Il est mince et porte un turban élégamment noué autour de la tète.
Il porte une barbe courte, précisément taillée qui de ce fait ne dissimule presque rien des traits arides, sculptés par le temps, de celui qui me regarde à peine comme figé dans une noblesse à moi inaccessible.
C’est vers son fils que je me tourne lui qui m’a déjà, dans un regard que j’ai depuis longtemps appris à identifier, signifié la nécessite de s’adresser directement à lui.
D’après les indications portées sur mon carnet de rendez-vous il s’appelle…
Non, c’est vrai, ça je n’ai pas le droit de vous l’écrire.
Alors je vais l’appeler H ne serait-ce que parce que ce procédé est plus simple dès lors que je vous écris quelques mots à son sujet.
L’histoire de H, a commencé au moment même où finissait celle de la guerre d’Algérie, par un événement brutal qui a conditionné tout le reste jusqu’au moment présent.
H était alors un soldat, un soldat français, c’est à dire pas vraiment dans le camp des gagnants.
Lors de la retraite des troupes française il est monté dans un camion avec les autres, comme on suit un ordre.
Sauf que son lieutenant lui en avait reçu d’autres des ordres, dont celui de faire en sorte qu’H et les autres algériens d’origine n’arrivent pas jusqu’au port.

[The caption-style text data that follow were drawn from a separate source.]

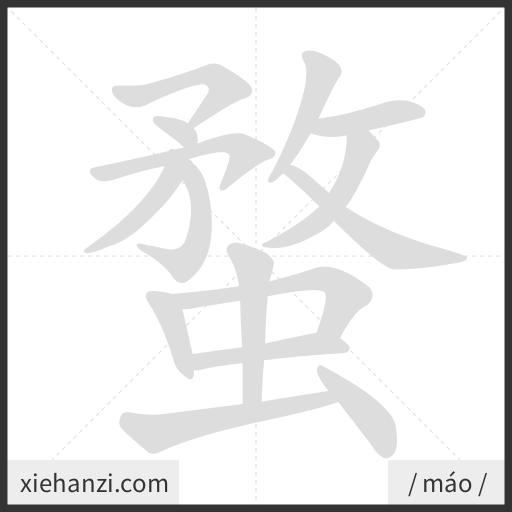 Ảnh động thứ tự nét chữ 蝥 - cách viết từng nét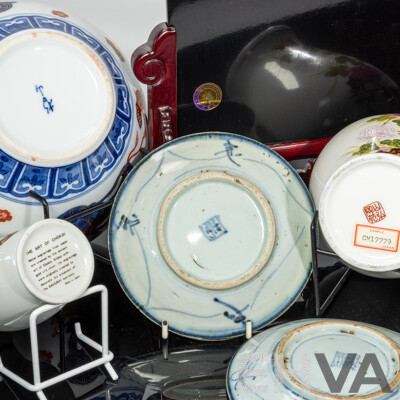 Collection Asian Items Including Antique Two Swatow Ware Porcelain Plates, Japanese Chokin Ware Vase with Gold Decoration and More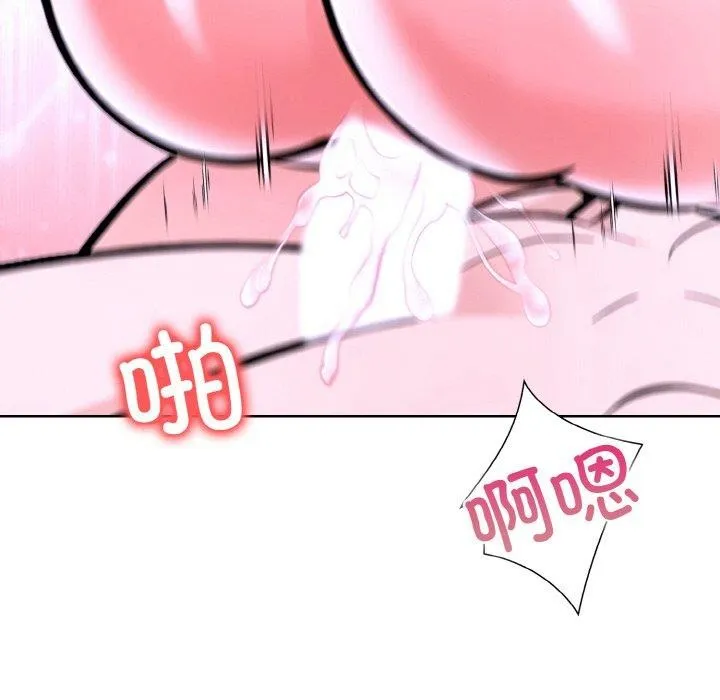 走不出的房间：第二季-第38話 - 图片 95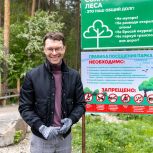 Алексей Вихарев благоустраивает городские парки в поддержку важного голосования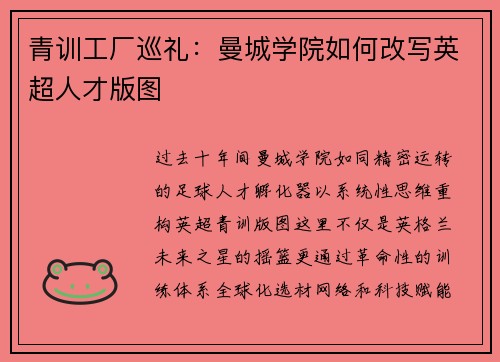 青训工厂巡礼：曼城学院如何改写英超人才版图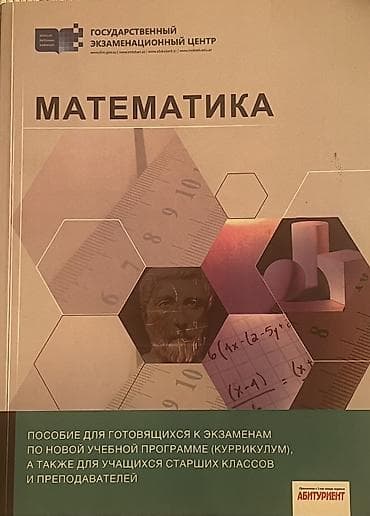 kepka azerbaycan dilinde: 6 манат — 1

Alors H a obéi une fois de plus lorsqu’on l’a fait descendre du camion avant de le laisser sur un bord de route.
Son fils m’a décrit ce qui lui est arrivé ensuite, mais je ne suis pas tout à fait certain de vouloir vous retranscrire ce récit où il était question de coups, de jambes amputées, de condamnation et de travaux forcés.
J’ai sous les yeux l’extrait des services qu’H a récemment pu obtenir du ministère francais de la défense outre une « carte du combattant ».
Il mentionne sobrement que celui-ci a été « libéré et renvoyé dans ses foyers en permission » puis « rayé des contrôles » le lendemain.
Elle est étrange cette syntaxe militaire qui confond, cynique, abandon et libération.
H n’est rentré en France qu’en 2006, ou ses enfants l’attendaient déjà.
Il souhaite à présent récupérer son dû et obtenir la réintégration dans la nationalité française.
Il s’agit d’une procédure spécifique qui permet à un étranger qui a possédé la nationalité française de la retrouver pour l’avenir.
Seulement la loi prévoit deux modes de réintégration dans la nationalité francaise :
- la reintégration par déclaration (de la comptétence du tribunal d’instance)
- la reintégration par decret (demande à déposer en préfecture)
Lorsque l’interressé remplit les conditions légales, la réintégration par déclaration est de droit.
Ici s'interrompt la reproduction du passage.